Recording facility and photography studio in Vancouver, Canada

The Warehouse Studio is a multi-media recording facility and photography studio in Vancouver, British Columbia, Canada, owned by Bryan Adams.

== Building ==
The studio is within the Oppenheimer Building, a three-story Victorian building recognized as Vancouver's oldest brick building and a landmark of Vancouver's historic Gastown neighborhood. Originally built in June 1886 by the Oppenheimer Brothers, it was the location of Vancouver's first and largest wholesale grocery business. It also served as the temporary Vancouver City Hall location from 1888 to 1891 after the city was decimated by fire. In 1902, the building was purchased by UK glass manufacturer Pilkington Brothers Limited, which utilized it as a glass factory and storage warehouse for many decades. The building later fell into terrible disrepair and became abandoned.

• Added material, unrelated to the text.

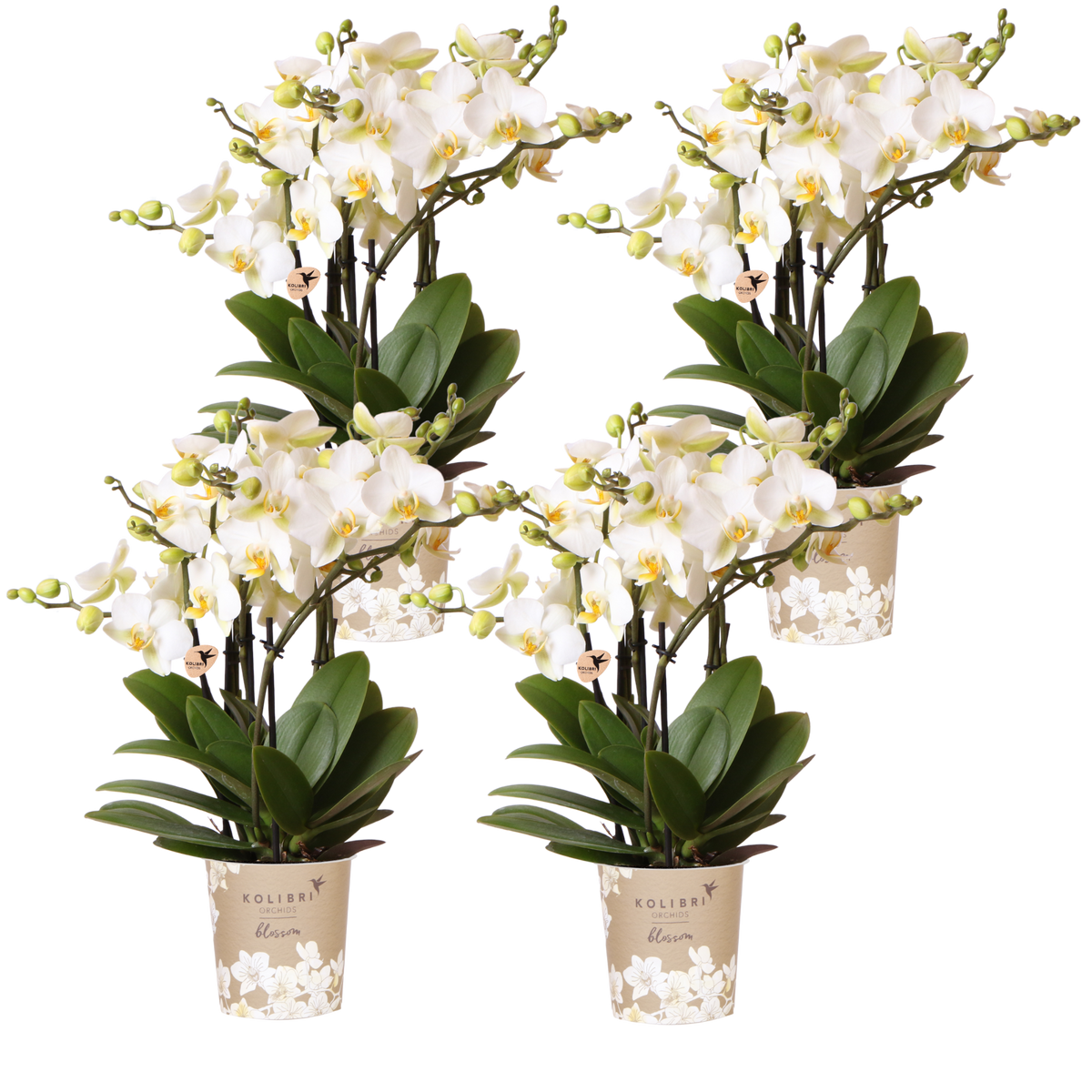 Kolibri Orchids | Kombi-Angebot - 4 Weiße Phalaenopsis Orchideen Blossom Lausanne - Ø12 cm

In 1989 the property at 100-102 Powell St. was purchased by Bryan Adams. The building at 102 Powell was gutted and converted into a parking lot with green space hidden behind a street front facade. The second building, the original Oppenheimer Warehouse on the corner was restored and converted into a 4 room recording facility. The studio complex was designed & installed by Ron Obvious. Adams worked with Don Stuart Architects to preserve the building's historical character, by preserving the original brick and beam construction. The project was completed 4 years later with the studio becoming fully operational in 1995. The Warehouse Studio received a City of Vancouver Heritage Award, in 1998. For outstanding restoration of a historic building.

== Studios ==
=== Studio 1 - SSL 4072 G+ ===
On the main floor is a large-format analog mixing room that includes an isolated recording space and a small lounge and kitchen. This studio features a 72-input Solid State Logic G Series console with Total Recall and Black E Series EQ, which was previously installed in the basement of Adams' former West Vancouver residence on Mathers Avenue. While he was on tour, Adams would allow other bands to record and mix there until his plan to create a studio complex in the heart of Vancouver could be realized.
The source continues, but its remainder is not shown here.